### SUPPLIED RECORDS
BEGIN

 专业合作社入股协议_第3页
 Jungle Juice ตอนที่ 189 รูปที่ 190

END
BEGIN

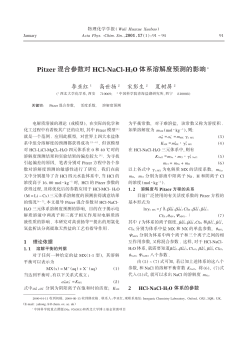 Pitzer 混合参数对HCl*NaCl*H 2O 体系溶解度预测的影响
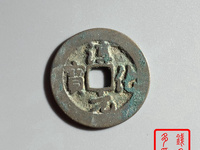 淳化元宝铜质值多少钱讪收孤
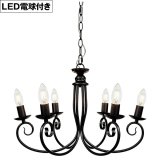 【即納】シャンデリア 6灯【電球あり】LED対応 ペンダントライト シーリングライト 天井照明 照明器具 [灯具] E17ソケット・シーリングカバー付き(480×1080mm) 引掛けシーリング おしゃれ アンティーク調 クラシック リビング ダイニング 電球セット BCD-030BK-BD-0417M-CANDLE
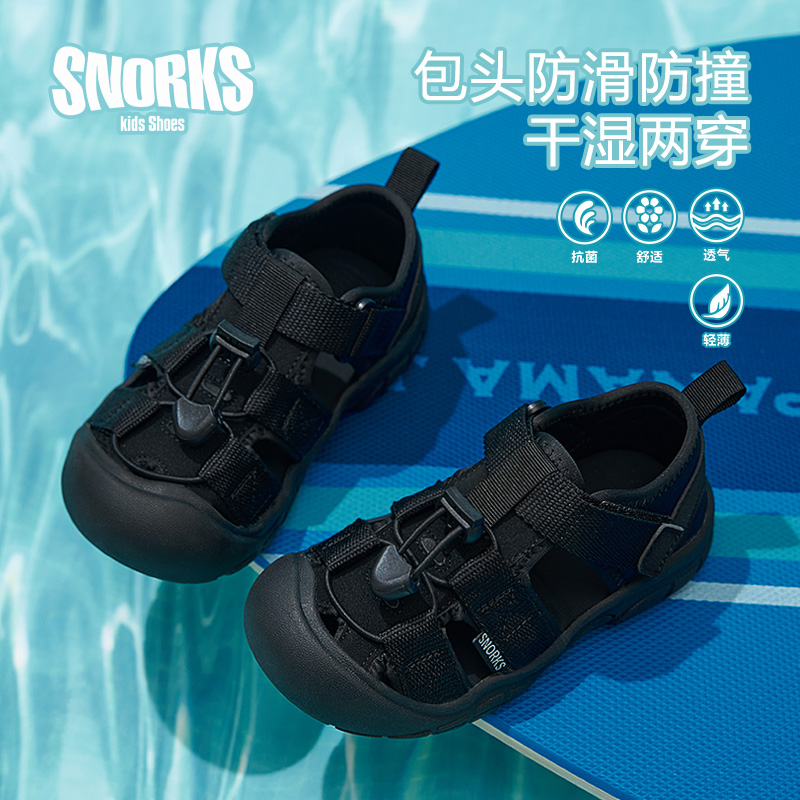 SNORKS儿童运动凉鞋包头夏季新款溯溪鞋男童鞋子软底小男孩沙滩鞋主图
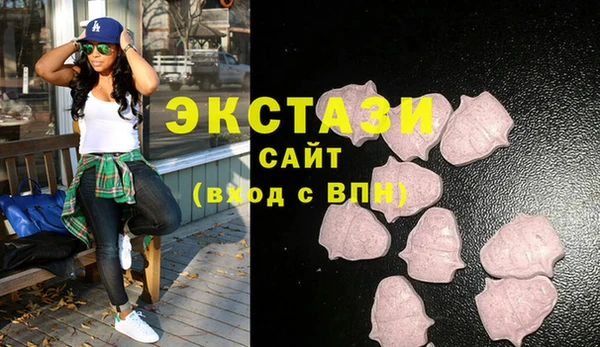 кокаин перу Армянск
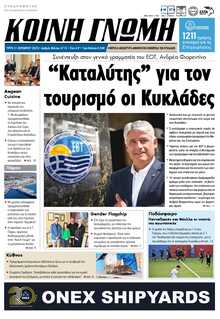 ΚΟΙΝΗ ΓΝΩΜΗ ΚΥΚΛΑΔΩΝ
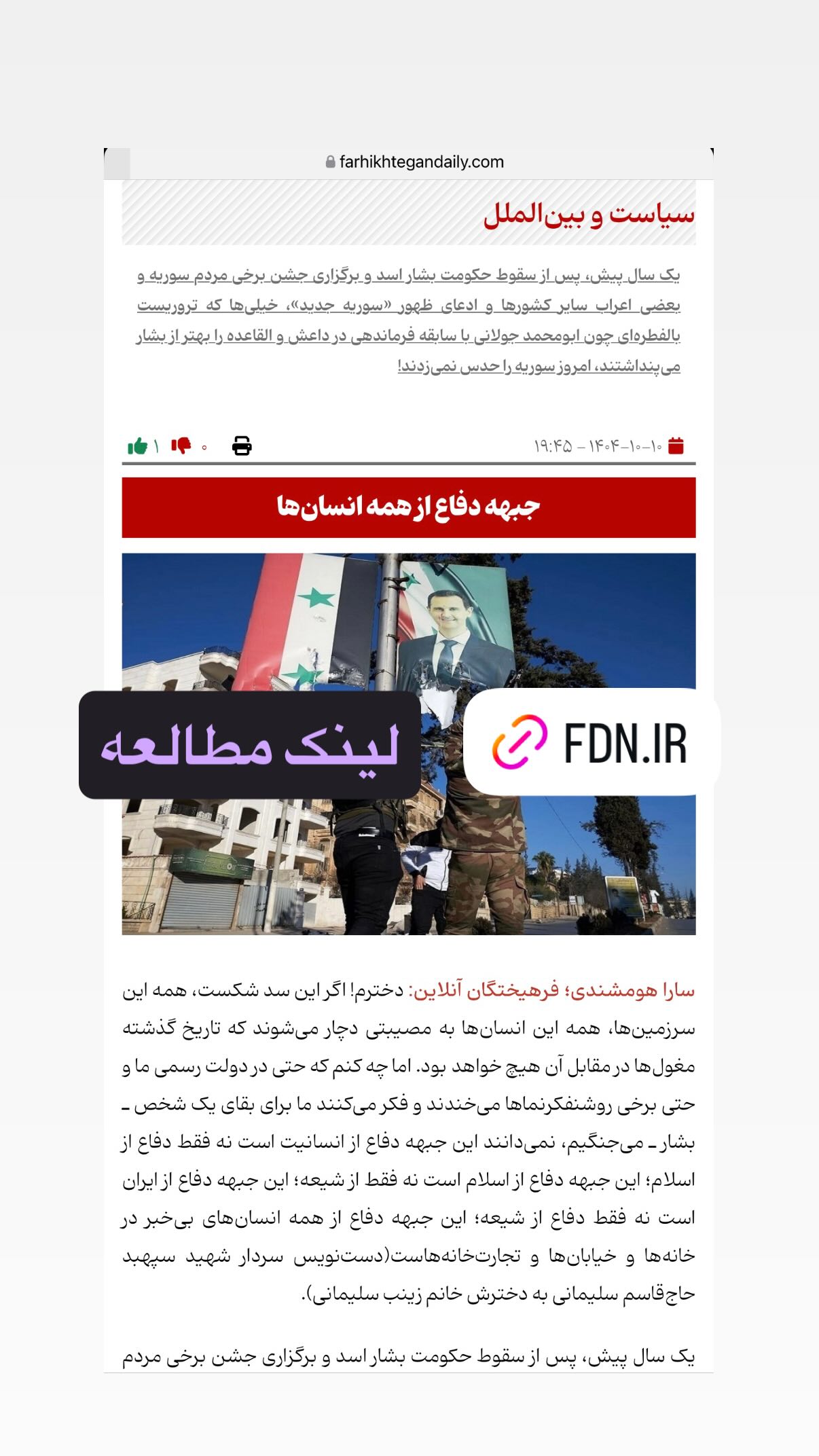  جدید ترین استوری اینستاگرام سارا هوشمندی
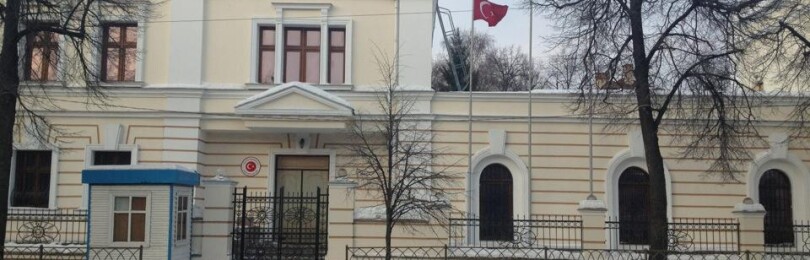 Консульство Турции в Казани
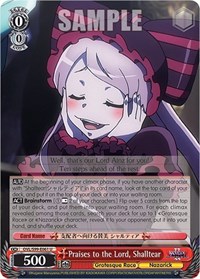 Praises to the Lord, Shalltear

END

### WORK TO COMPLETE
In the listing above, find the line holding "кокаин перу Армянск" and the line holding "Praises to the Lord, Shalltear". Reproduce those two lines and all between them exactly, leaving out pictures.

### ANSWER BELOW
 кокаин перу Армянск
 ΚΟΙΝΗ ΓΝΩΜΗ ΚΥΚΛΑΔΩΝ
  جدید ترین استوری اینستاگرام سارا هوشمندی
 Консульство Турции в Казани
 Praises to the Lord, Shalltear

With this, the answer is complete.